S'agissant des intérêts , la retenue à la source est abaissée à 5 %, au lieu de 10 % prévus par le modèle OCDE. Les intérêts versés à l'État, à ses collectivités territoriales, à ses établissements publics et aux autres personnes morales de droit public sont exonérés de retenue à la source, de même que les intérêts sur les ventes à crédit et les intérêts entre institutions financières, conformément au modèle de l'OCDE.

S'agissant des redevances , l'accord prévoit une retenue à la source de 5 %, alors que le modèle de l'OCDE prévoit une imposition exclusive à la résidence du bénéficiaire.
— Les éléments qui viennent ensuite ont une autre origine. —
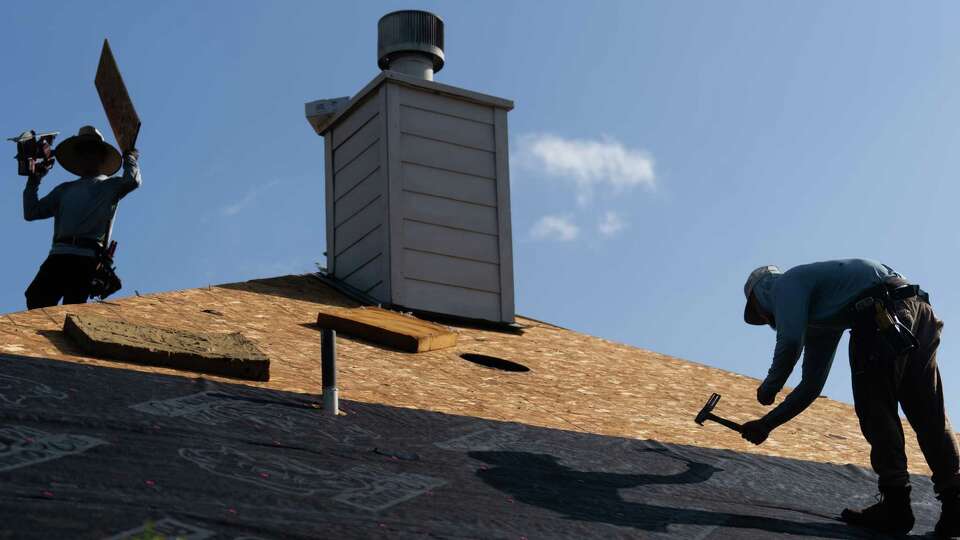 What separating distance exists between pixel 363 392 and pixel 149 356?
1299 millimetres

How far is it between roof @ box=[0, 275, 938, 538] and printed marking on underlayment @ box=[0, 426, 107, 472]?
0.01 m

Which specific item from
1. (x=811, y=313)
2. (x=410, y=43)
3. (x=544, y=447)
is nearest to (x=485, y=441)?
(x=544, y=447)

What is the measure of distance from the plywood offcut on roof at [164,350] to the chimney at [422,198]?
407cm

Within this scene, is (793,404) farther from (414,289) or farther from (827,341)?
(414,289)

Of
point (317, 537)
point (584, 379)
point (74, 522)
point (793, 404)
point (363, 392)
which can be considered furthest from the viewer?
point (584, 379)

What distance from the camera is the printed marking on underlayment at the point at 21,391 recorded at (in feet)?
17.1

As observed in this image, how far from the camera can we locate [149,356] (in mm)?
6754

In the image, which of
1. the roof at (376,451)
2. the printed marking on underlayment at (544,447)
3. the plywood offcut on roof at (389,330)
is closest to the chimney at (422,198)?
the plywood offcut on roof at (389,330)

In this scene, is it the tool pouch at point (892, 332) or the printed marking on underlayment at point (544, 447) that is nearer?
the tool pouch at point (892, 332)

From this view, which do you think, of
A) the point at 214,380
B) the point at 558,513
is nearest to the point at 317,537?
the point at 558,513

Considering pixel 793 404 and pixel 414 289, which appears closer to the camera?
pixel 793 404

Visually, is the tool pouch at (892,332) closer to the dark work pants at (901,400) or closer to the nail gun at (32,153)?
the dark work pants at (901,400)

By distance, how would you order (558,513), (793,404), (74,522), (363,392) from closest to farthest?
1. (74,522)
2. (558,513)
3. (793,404)
4. (363,392)

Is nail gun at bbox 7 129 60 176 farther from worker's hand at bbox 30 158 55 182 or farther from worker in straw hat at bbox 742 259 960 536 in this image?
worker in straw hat at bbox 742 259 960 536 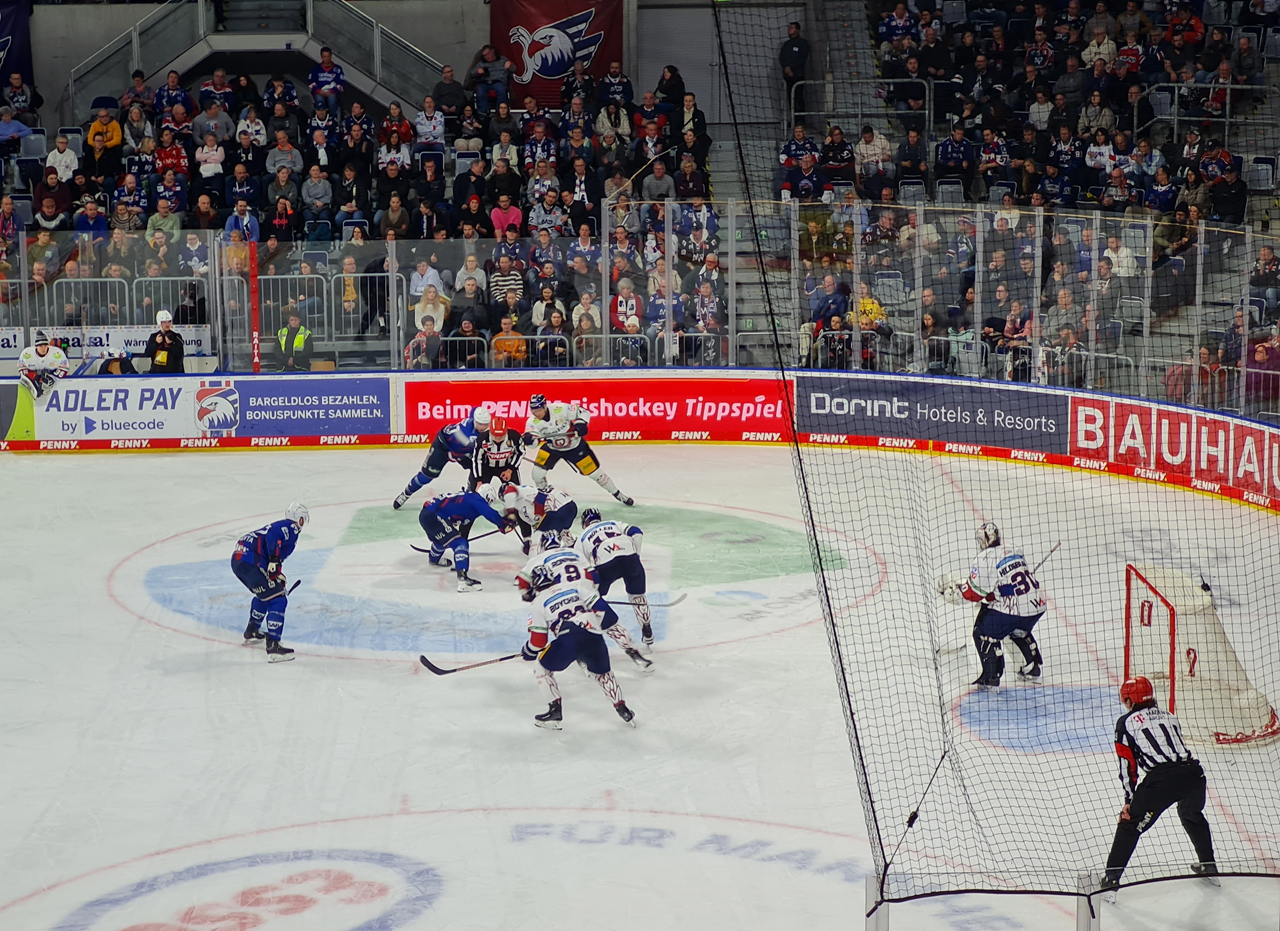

- l'imposition des gains en capital (article 13) : les règles sont conformes au modèle de l'OCDE, sous réserve d'aménagement permettant à la France d'appliquer sa législation. Les gains tirés de l'aliénation de biens immobiliers ou de parts dans une société à prépondérance immobilière, ainsi que de biens mobiliers appartenant à l'actif d'un établissement stable, sont imposables dans l'État de situation de ces biens. Les autres plus-values de cession sont imposables à la résidence du bénéficiaire, sauf en cas de gains tirés de l'aliénation d'une participation substantielle dans une société (supérieure à 25 %), qui sont alors imposés dans l'État dont la société est résidente ;

- l'imposition des salaires (article 14) : le principe, posé par l'OCDE et repris par la convention, est celui d'une imposition dans l'État d'exercice de l'activité, sauf en cas de mission temporaire inférieure à 183 jours. Une clause permettant d'exonérer pendant 24 mois les enseignants et les chercheurs est ajoutée, conformément à la pratique française ;

- l'imposition des jetons de présence et autres rémunérations des administrateurs de sociétés (article 15) , qui se fait la résidence du bénéficiaire, conformément au modèle de l'OCDE ;

- l'imposition des artistes, sportifs et mannequins (article 16) : conformément au modèle de l'OCDE, les revenus sont imposés dans l'État où sont réalisées les prestations. Une exception est toutefois prévue pour les activités financées principalement par des subventions publiques, dont les revenus sont alors imposables par l'État à l'origine de ces subventions ;

- l'imposition des pensions (article 17) , qui se fait à la résidence, conformément au modèle de l'OCDE ;

- l'imposition des traitements et pensions des fonctions publiques (article 18) , qui se fait à la source, conformément au modèle de l'OCDE ;

- le régime applicable aux étudiants, apprentis et stagiaires (article 19) , qui peuvent sous certaines conditions être exonérés d'impôt sur les sommes reçues de l'étranger pour financer leur séjour, conformément au modèle de l'OCDE ;

- l'imposition des autres revenus (article 20) : les revenus autres que ceux traités par les articles précédents sont imposables à la résidence, conformément au modèle de l'OCDE ;

- les clauses de non-discrimination (article 22) , conformes au modèle de l'OCDE, sous réserve de quelques ajustements correspondant à la pratique française habituelle. Il est notamment prévu que les clauses de non-discrimination et de la nation la plus favorisée contenue dans d'autres traités ou accord, notamment les accords commerciaux, ne s'appliquent pas en matière fiscale ;

- la procédure amiable (article 23) , procédure non juridictionnelle indépendante des voies de recours interne, qui vise à éliminer les cas de double imposition. Les États sont tenus à une seule obligation de moyens. Cette clause est conforme au modèle de l'OCDE, à l'exception du volet concernant la procédure d'arbitrage, qui n'a pas été repris car celle-ci est en pratique très rarement appliquée ;

- les modalités d'application (article 27), d'entrée en vigueur (article 28) et de dénonciation (article 29) de la convention, conformes au modèle de l'OCDE, sous réserve d'ajustements mineurs.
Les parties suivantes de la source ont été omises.